Wie findest Du denn die Idee von Radiohead, ohne Label eine Platte im Internet anzubieten?

Genau so läuft das eben! Das ist doch fantastisch für eine Band, jetzt endlich ihren eigenen Weg zu gehen. Schau dir die Plattenfirmen doch an, die werden immer gierig sein, solche Entwicklungen kommen nicht ohne Grund. Leute die dadurch ihren Job verlieren, tun mir zwar leid, aber wie schon gesagt: für die Musik an sich ist das was Gutes.

Nach der Sache mit den Gitarren packt sie jetzt also noch praktisches BWLer-Wissen aus und demonstriert ihr Kenntnisse vom Produktlebenszyklus. Den hat sie ja auch am eigenen Leib erfahren, denn nach der Sättigung folgte in den 90ern dann der Rückgang, die Degeneration. Ihr neues Geschäftsmodell: Gartenarbeit! Sie moderierte im englischen TV, schrieb zahlreiche Artikel und sogar ein Buch. Immer über Landschaftsgärtnerei. Worauf blickt sie auf diese Jahre aus heutiger Sicht dann voller Freude zurück?

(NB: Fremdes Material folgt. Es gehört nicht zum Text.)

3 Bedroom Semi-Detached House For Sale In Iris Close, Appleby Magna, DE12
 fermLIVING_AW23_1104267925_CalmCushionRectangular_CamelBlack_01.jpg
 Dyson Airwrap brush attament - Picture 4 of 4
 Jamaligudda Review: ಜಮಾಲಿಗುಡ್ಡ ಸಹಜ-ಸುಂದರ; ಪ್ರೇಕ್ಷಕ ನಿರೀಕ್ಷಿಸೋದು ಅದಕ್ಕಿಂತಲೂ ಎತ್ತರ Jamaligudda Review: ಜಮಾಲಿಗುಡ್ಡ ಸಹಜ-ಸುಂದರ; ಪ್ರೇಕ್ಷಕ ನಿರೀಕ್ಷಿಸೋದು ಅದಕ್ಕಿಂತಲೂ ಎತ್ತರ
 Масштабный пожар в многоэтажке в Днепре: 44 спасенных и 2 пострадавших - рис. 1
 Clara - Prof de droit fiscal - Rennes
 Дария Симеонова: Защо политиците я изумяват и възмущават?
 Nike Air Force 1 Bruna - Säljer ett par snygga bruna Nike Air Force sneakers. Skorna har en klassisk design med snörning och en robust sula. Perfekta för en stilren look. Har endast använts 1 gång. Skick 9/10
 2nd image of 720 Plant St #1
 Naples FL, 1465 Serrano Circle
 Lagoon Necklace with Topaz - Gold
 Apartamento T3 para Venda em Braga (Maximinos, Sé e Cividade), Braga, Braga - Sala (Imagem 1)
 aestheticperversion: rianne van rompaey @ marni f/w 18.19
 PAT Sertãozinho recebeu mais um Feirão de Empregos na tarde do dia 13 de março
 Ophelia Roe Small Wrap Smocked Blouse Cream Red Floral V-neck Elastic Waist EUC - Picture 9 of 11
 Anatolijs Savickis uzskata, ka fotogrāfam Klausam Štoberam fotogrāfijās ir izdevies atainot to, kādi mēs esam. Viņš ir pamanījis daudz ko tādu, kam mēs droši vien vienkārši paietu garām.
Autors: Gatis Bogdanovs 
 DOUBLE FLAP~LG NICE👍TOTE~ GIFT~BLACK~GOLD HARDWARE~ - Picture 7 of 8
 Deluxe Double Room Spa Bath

Also, ganz besonders gefreut habe ich mich über eine Medaille, die ich bekommen habe, als ich für die Chelsea Flower Show mal einen Garten gestalten durfte. Ist zwar schon ein paar Jahre her, aber darauf bin ich wirklich superstolz. Natürlich bin ich als Mutter auch stolz auf meine Familie, aber ich glaube das ist ja bei jeder Mutter so, das sagen sie alle. Und ich denke, ich kann auch sagen, dass ich meine Karriere ganz gut finde. Dass nach so vielen Jahren immer noch Leute kommen, um ein Konzert von mir zu sehen, dafür bin ich sehr dankbar und genieße das wirklich sehr.

Das anschließende Konzert begeistert zwar die anwesenden Fans, doch leider überrascht es nicht in der erhofften Weise. Von den Rockgitarren ist leider nur wenig zu hören. Eher erinnert die Performance an einen Auftritt in der damaligen ZDF Quizsendung "Die Pyramide", nur ohne Trockeneis.

Auch wenn der Bassist Nick Beggs einst bei Kajagoogoo mit dabei war und die Spiegelsonnenbrille des Keyboarders ebenfalls aus der Zeit des Haarsprays und der Neon-Jacken stammen, ein bisschen mehr 2007 hätte da schon dabei sein können. Die Stimme, die Hits und die Tatsache, dass Kim Wilde da eben vor einem auf der Bühne stand, retten den Abend aber dann doch. Ich hätte jetzt Lust endlich mal eine dieser "kim"-Zigaretten zu probieren.